The competition, in his view, is coming from an unexpected direction: sovereign wealth-backed capacity in the Gulf. “The Kingdom of Saudi Arabia is coming online with massive data center capacity, hosted out of Saudi Arabia, at significantly lower prices—because why pump oil out of the ground and ship it overseas in tankers when you can use it here to power massive data centers?” he said, citing Saudi Arabia’s Public Investment Fund, one of the world’s largest sovereign wealth funds. “If I were an investor, no way would I invest in companies building out hyperscaling in the United States right now.”

Douglas added that some Gulf data centers are being structured as legal extraterritorial zones—effectively data “embassies”—so multinational clients with strict data-residency rules can use them without technically moving data outside their home country. “People are focused on putting data centers in a cornfield in Indiana, where no one wants it and it’s very expensive,” he said. “Meanwhile, that story hasn’t really been told.”

Does selling cloud even fit Meta’s business?

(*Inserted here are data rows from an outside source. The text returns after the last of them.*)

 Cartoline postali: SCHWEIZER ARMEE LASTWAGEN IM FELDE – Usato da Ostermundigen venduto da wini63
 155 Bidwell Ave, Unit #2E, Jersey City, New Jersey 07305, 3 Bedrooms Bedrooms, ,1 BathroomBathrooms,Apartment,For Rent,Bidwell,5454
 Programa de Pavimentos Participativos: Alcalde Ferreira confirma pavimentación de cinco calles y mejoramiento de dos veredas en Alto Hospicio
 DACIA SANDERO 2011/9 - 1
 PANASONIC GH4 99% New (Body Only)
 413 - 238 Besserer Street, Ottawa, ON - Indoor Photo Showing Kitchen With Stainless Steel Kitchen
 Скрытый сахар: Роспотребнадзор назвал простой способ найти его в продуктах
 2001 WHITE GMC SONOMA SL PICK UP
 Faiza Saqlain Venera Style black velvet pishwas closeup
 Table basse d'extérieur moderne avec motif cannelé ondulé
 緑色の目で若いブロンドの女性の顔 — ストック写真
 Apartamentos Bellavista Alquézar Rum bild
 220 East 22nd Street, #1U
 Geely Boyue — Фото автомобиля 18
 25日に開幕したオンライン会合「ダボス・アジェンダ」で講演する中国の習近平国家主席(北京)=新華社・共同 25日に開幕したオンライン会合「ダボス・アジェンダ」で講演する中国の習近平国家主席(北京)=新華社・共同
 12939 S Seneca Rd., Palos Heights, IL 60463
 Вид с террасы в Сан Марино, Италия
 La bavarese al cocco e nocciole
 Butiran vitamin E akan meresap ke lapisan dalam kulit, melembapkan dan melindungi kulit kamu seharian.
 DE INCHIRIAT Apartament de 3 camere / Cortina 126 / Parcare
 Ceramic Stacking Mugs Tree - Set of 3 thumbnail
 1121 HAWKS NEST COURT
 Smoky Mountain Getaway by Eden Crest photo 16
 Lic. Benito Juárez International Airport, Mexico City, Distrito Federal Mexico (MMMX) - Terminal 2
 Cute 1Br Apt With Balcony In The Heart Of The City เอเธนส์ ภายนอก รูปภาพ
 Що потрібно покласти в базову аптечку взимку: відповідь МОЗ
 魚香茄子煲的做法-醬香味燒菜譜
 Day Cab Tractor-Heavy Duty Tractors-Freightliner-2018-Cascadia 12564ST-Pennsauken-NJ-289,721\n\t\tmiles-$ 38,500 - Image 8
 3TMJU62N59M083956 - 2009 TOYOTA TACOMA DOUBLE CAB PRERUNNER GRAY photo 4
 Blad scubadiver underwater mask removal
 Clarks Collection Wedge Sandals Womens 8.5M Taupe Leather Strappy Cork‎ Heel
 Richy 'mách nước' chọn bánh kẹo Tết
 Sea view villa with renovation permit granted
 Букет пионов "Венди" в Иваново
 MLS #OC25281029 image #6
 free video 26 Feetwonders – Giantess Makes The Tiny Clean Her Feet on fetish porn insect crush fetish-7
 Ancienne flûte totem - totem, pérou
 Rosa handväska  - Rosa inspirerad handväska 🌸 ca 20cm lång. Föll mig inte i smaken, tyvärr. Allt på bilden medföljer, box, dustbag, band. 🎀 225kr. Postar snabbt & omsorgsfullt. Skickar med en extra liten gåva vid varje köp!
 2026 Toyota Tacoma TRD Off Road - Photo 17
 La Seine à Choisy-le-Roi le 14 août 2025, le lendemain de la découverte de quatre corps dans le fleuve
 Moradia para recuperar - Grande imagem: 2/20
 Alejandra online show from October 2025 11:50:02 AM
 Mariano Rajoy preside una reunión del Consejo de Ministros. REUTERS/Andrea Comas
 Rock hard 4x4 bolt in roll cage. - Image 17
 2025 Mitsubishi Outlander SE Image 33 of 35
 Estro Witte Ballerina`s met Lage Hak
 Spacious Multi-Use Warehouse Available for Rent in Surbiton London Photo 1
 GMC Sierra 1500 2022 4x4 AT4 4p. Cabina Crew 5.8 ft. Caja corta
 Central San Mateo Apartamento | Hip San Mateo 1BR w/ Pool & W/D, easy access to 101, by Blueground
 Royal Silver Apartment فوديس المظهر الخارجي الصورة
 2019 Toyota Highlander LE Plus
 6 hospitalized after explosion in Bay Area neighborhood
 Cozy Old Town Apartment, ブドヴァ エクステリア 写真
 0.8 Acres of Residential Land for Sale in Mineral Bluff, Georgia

Set against that backdrop, Douglas said he was skeptical of the specific plan Bloomberg described—selling excess AI compute the way AWS, Azure, and Google Cloud do. “It doesn’t make a lot of sense unless you really want to put your name in the back of the AI space—just basically get attention,” he said. “Which the announcement is definitely doing. So part of me wonders: is that today’s headline, but tomorrow’s reality?”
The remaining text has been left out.